Мой «роман» с Сольвычегодском как-то медленно складывается. Прошлый раз я там оказался, и тоже с «Неизвестной Провинцией», в ковидном 2020-м, и тоже в июле. Романтичная синяя туча висела над Вычегдой, вылившись в итоге жутким ливнем, когда мы на целый час забрались во Введенский собор. Так что на него я уже тогда насмотрелся.
Что же до Благовещенского собора, то музейные тетки встали грудью, как те печкины: «Мы работаем, собор открыт, но вам нельзя, у нас два случая ковида в районе». Никакие посулы не позволили нам обойти бдительную стражу культурного наследия Архангельской области.

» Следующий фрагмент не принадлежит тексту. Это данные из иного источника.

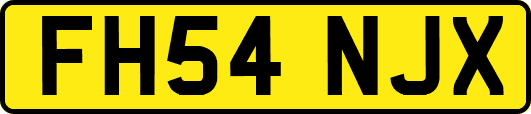 FH54NJX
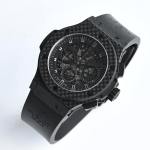 Hublot Big Bang - Image 4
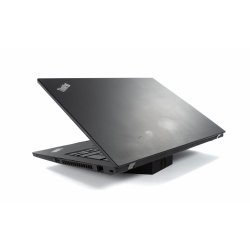 Lenovo ThinkPad T490 | i7-8565U 1.8Ghz / 16GB RAM | 256GB NVMe / 14" 2K GeForce MX250/ Grade C
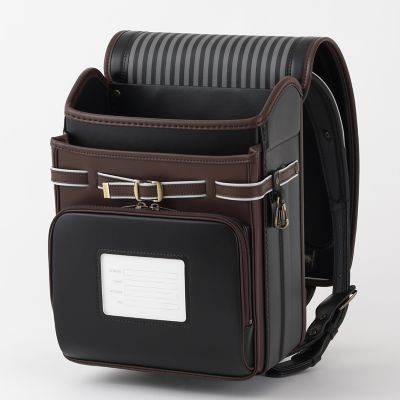 2026年3月中旬以降届】ランドセル コパントラッド ブラック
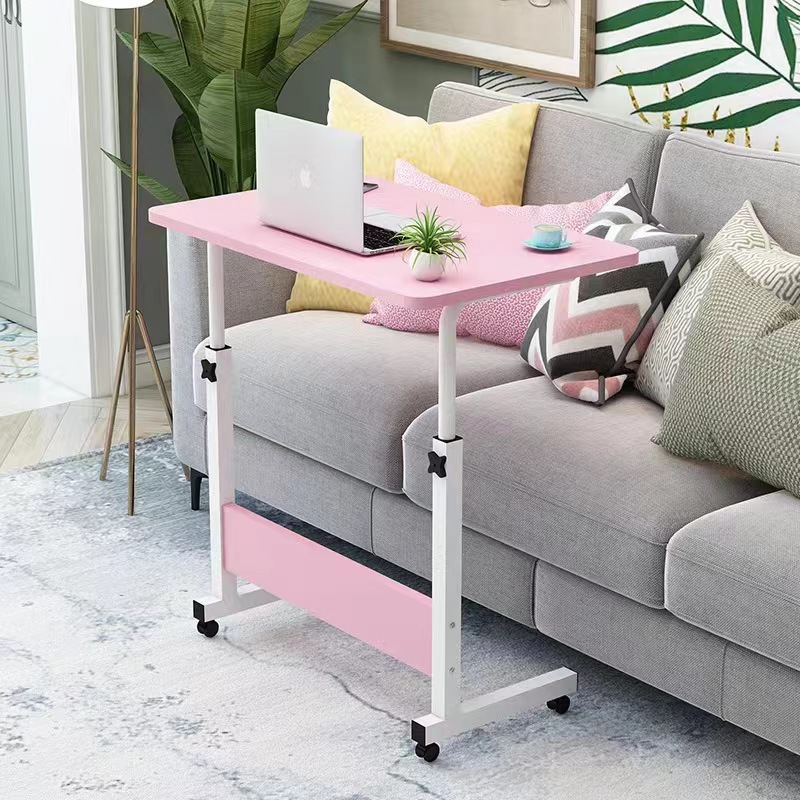 微信图片_20230217181523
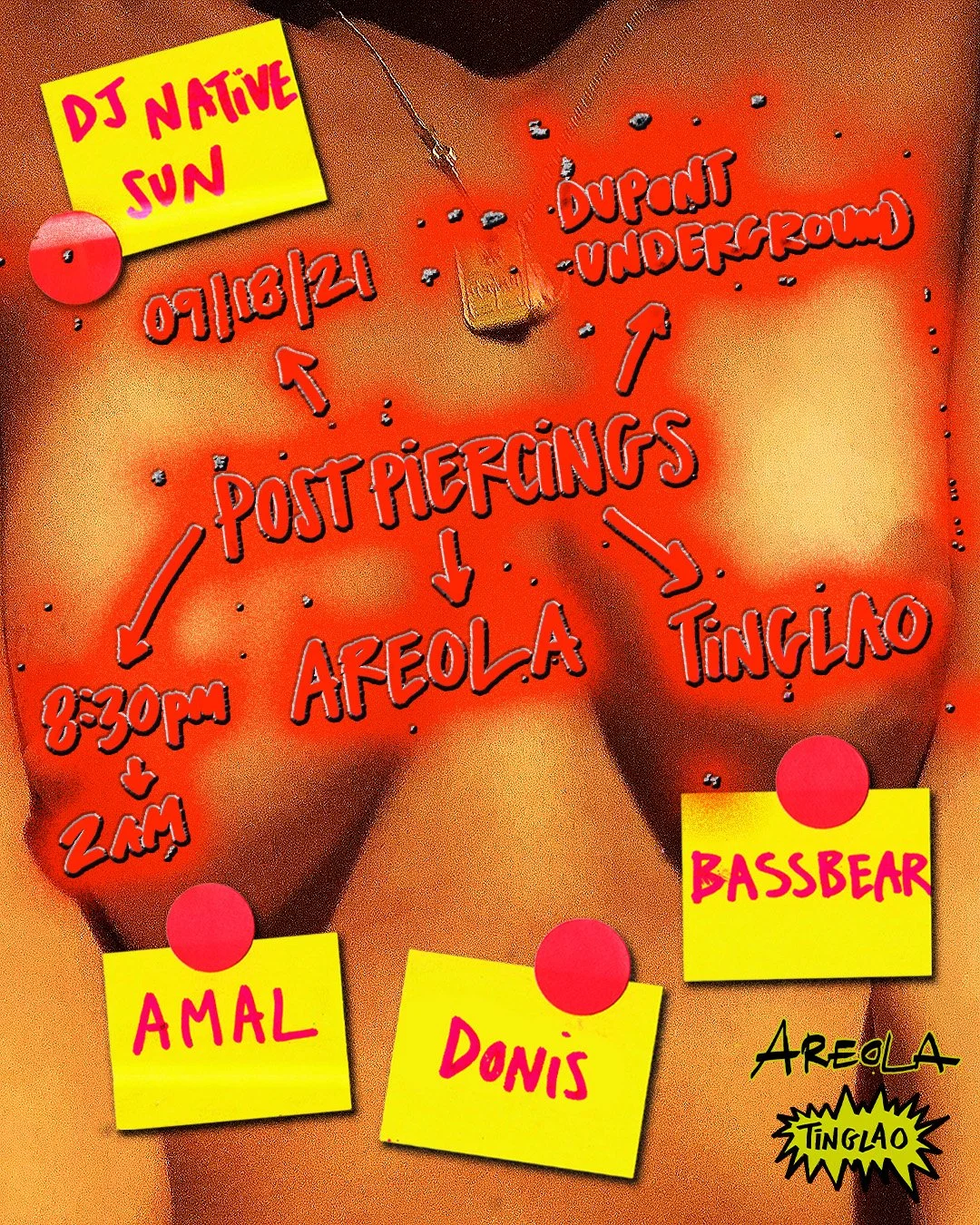 POSTPIERCINGS_OGFR.jpg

В этот раз, в июле 2022 года, в соборе над туристами бдела милая девушка, совсем девочка, которой было самой искренне интересно, когда мы читали надписи на фресках, смотрели, где на них какие записи и сюжеты, грустили о смытых веками именах иконописцев на старой надписи в круге (к счастью, часть надписи восстанавливается по ее копии XVIII века).
Яркое солнце заливало этот сумрачный и печальный храм, которому как раз запустение совсем не к лицу. Не скрою, я сюда очень рвался и вот, дорвался.
Что ж, и вот он, и вот так выглядит память о Строгановых.
Вредно накануне много читать, в этом есть плохая сторона работы экскурсовода. Ты знаешь (обязан знать, что уж), что тут есть, знаешь, что об этом написали до тебя видевшие тут иное и большее. Я, конечно, старался не представлять заранее, но…
У меня почему-то восторгом сердце не екнуло. Собор был большой, расписанный, теплый (на улице уже несколько дней стояла жара). Но все время казалось, что ремонт в нем никак не может закончиться. Пустые глазницы киотов. Густые потеки от смытых записей, засохшие на нижних регистрах живописи. Расчищена первоначальная стенопись 1600 года только лишь в сводах у малых куполов с западной стороны и кое-где на стенах внизу. Из этого собора вынесли за XX век слишком многое.
Стенопись странная. Я ожидал виртуозности, маэстрии, присущей строгановским вещам XVII–XVIII вв. А тут ощущение, что не ансамбль, а много-много клейм большой житийной иконы, например, на сюжет «Троица с деянием». Как бы это пояснить? Представьте, что вы лежите на полу собора, смотрите вверх, и весь тот верх, все эти изгибы свода — это одно большое целое, одна большая живописная поверхность. Тогда в среднике там (за средник примем купол) — «Троица» (скорее всего, она там и была, только не сохранилась), а по сторонам — вот те самые «деяния». Их там много, в подробностях истории Адама, Сифа, Авраама, Моисея и т. д. Все это можно зачесть за «деяние Троицы», чем, собственно, и виделся в XVI веке на Руси Ветхий Завет.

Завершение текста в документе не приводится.